(TRY IT) Return only what lies between the first line of the entries and the line containing "ASTON MARTIN VANQUISH", both lines included.

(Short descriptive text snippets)
__________
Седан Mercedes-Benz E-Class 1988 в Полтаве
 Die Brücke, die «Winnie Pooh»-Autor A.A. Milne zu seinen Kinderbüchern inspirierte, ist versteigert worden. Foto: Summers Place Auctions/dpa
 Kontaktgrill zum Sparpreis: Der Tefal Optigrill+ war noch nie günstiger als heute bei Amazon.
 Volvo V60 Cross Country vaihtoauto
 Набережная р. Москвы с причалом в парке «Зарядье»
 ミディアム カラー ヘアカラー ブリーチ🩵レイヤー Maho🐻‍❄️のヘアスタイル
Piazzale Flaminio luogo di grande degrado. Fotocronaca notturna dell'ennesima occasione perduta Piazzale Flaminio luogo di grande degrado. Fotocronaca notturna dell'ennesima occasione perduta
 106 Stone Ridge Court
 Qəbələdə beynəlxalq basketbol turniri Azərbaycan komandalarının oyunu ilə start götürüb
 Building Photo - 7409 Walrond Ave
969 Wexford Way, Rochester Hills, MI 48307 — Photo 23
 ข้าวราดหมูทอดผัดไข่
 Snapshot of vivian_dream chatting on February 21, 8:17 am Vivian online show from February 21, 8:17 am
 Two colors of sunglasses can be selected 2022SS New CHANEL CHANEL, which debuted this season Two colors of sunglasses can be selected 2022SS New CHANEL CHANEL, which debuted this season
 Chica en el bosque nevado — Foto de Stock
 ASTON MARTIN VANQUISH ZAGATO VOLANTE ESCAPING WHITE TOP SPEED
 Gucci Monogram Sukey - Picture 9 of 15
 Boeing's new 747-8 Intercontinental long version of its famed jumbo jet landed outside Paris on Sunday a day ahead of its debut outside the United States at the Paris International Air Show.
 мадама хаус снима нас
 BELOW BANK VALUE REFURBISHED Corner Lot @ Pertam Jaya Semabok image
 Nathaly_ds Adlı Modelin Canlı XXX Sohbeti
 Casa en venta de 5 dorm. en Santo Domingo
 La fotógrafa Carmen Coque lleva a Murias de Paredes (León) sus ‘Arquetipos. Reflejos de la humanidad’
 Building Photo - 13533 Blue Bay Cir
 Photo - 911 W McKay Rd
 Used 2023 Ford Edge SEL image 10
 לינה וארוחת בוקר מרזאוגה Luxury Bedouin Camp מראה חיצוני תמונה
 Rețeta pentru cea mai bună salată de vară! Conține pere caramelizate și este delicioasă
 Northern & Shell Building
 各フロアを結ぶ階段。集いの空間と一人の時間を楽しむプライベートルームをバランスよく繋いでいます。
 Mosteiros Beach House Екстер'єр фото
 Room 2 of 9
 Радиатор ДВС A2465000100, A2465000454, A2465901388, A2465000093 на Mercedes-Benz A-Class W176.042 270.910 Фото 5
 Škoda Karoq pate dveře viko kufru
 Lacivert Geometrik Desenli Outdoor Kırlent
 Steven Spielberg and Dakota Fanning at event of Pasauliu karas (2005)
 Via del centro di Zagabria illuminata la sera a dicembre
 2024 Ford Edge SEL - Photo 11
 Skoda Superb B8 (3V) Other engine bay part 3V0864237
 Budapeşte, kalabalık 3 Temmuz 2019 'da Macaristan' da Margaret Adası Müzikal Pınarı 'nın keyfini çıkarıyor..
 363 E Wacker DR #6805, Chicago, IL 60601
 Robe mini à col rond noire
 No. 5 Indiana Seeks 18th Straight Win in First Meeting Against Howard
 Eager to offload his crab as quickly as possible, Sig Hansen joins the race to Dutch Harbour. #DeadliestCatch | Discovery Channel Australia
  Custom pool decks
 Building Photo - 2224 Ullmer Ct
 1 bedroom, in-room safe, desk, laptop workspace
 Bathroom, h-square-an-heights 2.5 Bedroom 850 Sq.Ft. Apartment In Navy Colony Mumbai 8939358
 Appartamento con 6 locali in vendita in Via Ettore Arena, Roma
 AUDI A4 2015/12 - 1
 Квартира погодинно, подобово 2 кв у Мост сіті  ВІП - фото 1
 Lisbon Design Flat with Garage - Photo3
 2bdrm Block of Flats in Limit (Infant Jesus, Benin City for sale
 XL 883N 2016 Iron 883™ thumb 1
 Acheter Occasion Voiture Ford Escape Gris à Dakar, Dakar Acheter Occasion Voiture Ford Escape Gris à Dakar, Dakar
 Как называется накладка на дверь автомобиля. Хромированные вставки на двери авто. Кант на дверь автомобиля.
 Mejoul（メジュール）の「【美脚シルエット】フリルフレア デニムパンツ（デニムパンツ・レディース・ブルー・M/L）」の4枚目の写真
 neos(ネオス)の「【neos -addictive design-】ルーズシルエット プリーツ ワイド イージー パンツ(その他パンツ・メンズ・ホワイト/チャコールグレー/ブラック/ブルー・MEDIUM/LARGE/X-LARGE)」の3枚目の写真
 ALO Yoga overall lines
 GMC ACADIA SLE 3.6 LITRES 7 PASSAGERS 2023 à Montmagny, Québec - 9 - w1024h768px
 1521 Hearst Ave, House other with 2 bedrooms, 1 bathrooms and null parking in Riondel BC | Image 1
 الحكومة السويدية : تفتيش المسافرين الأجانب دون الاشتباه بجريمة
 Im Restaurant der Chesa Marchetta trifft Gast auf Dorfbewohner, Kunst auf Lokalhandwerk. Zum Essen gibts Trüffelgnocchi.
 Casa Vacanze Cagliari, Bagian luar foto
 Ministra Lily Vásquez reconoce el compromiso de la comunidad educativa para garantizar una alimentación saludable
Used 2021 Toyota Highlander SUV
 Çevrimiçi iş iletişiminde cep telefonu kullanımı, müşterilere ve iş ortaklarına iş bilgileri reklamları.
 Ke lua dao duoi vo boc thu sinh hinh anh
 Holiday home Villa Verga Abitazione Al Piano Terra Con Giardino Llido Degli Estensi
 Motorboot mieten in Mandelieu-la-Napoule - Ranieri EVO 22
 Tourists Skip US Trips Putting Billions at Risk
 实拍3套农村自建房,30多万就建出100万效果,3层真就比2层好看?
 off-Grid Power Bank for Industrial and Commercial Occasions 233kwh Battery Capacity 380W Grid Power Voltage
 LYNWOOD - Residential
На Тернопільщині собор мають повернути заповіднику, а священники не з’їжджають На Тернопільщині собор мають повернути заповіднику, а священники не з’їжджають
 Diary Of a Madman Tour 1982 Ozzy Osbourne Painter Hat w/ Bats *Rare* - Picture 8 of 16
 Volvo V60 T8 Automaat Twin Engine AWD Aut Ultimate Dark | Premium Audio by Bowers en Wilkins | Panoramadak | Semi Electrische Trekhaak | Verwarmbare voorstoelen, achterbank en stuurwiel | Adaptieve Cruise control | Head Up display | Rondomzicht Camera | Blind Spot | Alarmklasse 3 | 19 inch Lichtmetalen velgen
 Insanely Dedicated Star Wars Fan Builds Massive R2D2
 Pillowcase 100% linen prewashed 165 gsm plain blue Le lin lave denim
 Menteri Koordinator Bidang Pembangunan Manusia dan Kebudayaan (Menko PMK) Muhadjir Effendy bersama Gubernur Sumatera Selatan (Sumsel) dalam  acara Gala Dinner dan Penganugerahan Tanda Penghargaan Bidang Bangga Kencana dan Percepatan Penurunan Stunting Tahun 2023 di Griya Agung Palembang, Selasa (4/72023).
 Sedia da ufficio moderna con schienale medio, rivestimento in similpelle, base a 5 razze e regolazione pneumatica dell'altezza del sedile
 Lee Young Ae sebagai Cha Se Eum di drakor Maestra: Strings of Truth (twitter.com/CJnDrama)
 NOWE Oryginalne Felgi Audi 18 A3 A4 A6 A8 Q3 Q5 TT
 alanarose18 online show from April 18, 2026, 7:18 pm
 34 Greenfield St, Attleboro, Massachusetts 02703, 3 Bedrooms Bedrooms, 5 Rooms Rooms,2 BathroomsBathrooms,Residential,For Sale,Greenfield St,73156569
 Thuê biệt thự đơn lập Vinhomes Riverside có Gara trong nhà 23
__________
(OUTPUT OF THE TASK)
Седан Mercedes-Benz E-Class 1988 в Полтаве
 Die Brücke, die «Winnie Pooh»-Autor A.A. Milne zu seinen Kinderbüchern inspirierte, ist versteigert worden. Foto: Summers Place Auctions/dpa
 Kontaktgrill zum Sparpreis: Der Tefal Optigrill+ war noch nie günstiger als heute bei Amazon.
 Volvo V60 Cross Country vaihtoauto
 Набережная р. Москвы с причалом в парке «Зарядье»
 ミディアム カラー ヘアカラー ブリーチ🩵レイヤー Maho🐻‍❄️のヘアスタイル
Piazzale Flaminio luogo di grande degrado. Fotocronaca notturna dell'ennesima occasione perduta Piazzale Flaminio luogo di grande degrado. Fotocronaca notturna dell'ennesima occasione perduta
 106 Stone Ridge Court
 Qəbələdə beynəlxalq basketbol turniri Azərbaycan komandalarının oyunu ilə start götürüb
 Building Photo - 7409 Walrond Ave
969 Wexford Way, Rochester Hills, MI 48307 — Photo 23
 ข้าวราดหมูทอดผัดไข่
 Snapshot of vivian_dream chatting on February 21, 8:17 am Vivian online show from February 21, 8:17 am
 Two colors of sunglasses can be selected 2022SS New CHANEL CHANEL, which debuted this season Two colors of sunglasses can be selected 2022SS New CHANEL CHANEL, which debuted this season
 Chica en el bosque nevado — Foto de Stock
 ASTON MARTIN VANQUISH ZAGATO VOLANTE ESCAPING WHITE TOP SPEED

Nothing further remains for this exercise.